• _DATA EXTRACT_:
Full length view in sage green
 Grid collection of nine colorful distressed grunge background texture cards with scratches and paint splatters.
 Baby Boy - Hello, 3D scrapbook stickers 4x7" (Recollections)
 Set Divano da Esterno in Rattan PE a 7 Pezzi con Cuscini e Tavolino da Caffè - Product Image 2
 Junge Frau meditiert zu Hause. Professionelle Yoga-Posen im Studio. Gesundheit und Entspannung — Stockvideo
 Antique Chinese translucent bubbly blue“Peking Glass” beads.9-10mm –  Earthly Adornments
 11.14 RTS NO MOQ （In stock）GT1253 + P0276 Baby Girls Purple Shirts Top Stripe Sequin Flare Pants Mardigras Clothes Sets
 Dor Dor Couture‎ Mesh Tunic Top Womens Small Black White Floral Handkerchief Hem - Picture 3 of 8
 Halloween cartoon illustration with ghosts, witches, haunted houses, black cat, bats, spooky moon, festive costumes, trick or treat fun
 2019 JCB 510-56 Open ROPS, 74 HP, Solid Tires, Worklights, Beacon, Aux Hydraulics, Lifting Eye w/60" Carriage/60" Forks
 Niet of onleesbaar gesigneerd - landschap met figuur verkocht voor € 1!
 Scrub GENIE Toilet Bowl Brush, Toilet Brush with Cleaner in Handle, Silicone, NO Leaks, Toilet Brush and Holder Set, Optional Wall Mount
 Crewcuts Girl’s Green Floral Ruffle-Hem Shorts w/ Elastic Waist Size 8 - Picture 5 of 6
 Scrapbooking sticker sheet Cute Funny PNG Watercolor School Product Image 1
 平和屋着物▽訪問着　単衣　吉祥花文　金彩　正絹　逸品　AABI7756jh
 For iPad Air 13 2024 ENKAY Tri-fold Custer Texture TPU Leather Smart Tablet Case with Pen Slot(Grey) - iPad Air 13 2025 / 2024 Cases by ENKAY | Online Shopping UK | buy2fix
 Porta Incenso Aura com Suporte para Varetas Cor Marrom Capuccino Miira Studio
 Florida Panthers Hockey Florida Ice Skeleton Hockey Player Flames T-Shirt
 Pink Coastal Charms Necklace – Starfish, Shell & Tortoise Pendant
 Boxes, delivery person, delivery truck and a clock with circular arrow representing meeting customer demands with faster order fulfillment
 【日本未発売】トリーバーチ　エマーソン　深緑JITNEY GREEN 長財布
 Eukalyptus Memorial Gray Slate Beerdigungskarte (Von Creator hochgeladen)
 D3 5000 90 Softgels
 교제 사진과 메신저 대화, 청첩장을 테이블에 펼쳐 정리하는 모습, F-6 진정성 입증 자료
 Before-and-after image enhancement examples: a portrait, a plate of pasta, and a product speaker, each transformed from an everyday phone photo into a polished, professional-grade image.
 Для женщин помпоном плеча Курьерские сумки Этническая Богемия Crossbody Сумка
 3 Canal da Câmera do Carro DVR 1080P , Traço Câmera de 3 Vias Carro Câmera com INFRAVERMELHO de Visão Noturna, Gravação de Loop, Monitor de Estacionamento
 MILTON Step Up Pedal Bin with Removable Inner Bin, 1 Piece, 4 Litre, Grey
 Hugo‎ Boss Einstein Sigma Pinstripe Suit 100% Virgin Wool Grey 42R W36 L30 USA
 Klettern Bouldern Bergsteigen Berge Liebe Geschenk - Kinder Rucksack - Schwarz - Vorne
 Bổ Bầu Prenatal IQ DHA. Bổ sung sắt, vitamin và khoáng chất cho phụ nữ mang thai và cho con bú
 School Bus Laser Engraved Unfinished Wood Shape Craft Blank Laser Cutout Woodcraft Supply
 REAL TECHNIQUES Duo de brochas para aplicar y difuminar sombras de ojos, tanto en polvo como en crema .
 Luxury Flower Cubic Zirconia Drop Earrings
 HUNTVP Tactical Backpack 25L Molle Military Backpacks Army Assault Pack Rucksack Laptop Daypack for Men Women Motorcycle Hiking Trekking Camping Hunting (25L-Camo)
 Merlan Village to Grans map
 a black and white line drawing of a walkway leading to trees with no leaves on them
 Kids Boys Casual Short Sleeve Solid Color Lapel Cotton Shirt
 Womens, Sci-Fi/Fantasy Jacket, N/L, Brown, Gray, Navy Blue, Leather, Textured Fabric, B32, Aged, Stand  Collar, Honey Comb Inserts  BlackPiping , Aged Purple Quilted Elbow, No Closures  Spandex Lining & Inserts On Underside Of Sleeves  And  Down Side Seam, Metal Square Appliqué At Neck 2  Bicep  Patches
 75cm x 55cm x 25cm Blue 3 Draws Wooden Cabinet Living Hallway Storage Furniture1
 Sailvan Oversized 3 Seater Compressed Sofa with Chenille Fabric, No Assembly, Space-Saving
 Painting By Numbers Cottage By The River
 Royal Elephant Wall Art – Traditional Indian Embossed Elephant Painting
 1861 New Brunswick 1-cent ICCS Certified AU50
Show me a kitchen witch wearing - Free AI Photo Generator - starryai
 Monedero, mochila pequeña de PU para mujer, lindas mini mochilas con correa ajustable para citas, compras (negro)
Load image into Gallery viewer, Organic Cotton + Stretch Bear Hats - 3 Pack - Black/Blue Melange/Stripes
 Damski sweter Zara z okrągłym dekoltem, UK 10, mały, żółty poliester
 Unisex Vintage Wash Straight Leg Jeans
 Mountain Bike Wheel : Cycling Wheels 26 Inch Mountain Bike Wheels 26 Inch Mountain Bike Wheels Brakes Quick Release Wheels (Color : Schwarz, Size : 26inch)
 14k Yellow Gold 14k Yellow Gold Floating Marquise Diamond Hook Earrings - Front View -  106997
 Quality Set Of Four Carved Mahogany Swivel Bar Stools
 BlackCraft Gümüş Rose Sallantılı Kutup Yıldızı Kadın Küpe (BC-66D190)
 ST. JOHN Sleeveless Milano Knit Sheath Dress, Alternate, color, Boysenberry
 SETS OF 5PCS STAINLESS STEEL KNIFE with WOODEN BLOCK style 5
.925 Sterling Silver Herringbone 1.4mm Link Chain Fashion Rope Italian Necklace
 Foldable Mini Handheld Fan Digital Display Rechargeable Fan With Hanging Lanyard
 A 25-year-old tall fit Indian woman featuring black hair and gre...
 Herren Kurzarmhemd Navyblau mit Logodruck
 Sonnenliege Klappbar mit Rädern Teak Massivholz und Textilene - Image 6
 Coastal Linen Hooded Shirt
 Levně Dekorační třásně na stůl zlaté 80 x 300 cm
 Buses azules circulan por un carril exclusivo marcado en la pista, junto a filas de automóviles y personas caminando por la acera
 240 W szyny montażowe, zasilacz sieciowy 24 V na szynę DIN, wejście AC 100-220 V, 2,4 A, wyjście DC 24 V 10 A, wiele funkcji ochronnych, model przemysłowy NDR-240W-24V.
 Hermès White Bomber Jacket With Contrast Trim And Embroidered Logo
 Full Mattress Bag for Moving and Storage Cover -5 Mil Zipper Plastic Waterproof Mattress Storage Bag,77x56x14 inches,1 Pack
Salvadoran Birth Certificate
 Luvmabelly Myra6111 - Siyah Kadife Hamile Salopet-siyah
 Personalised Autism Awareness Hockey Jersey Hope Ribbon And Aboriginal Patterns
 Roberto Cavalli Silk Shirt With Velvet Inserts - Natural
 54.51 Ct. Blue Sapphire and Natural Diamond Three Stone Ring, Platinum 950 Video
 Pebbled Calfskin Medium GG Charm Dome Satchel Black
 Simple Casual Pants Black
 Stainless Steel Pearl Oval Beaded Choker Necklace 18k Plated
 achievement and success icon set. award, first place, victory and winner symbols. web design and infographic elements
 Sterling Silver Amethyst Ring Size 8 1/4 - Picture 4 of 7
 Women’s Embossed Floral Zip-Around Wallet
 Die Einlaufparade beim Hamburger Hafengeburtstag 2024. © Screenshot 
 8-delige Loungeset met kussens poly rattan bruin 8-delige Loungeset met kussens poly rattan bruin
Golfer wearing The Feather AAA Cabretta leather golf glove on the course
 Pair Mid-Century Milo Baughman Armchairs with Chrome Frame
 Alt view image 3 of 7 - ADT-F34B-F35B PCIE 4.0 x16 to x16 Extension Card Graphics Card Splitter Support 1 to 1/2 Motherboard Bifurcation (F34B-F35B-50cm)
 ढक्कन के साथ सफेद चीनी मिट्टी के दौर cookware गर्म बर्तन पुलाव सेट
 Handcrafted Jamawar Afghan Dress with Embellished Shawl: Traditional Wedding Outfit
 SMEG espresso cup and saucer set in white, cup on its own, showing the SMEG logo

• _WHAT YOU SHOULD DO_: Write out exactly the lines above from the line with "Sailvan Oversized 3" through the line with "Show me a kitchen", both of them included, and leave out all other lines.

• _SOLUTION TO THIS TASK_:
 Sailvan Oversized 3 Seater Compressed Sofa with Chenille Fabric, No Assembly, Space-Saving
 Painting By Numbers Cottage By The River
 Royal Elephant Wall Art – Traditional Indian Embossed Elephant Painting
 1861 New Brunswick 1-cent ICCS Certified AU50
Show me a kitchen witch wearing - Free AI Photo Generator - starryai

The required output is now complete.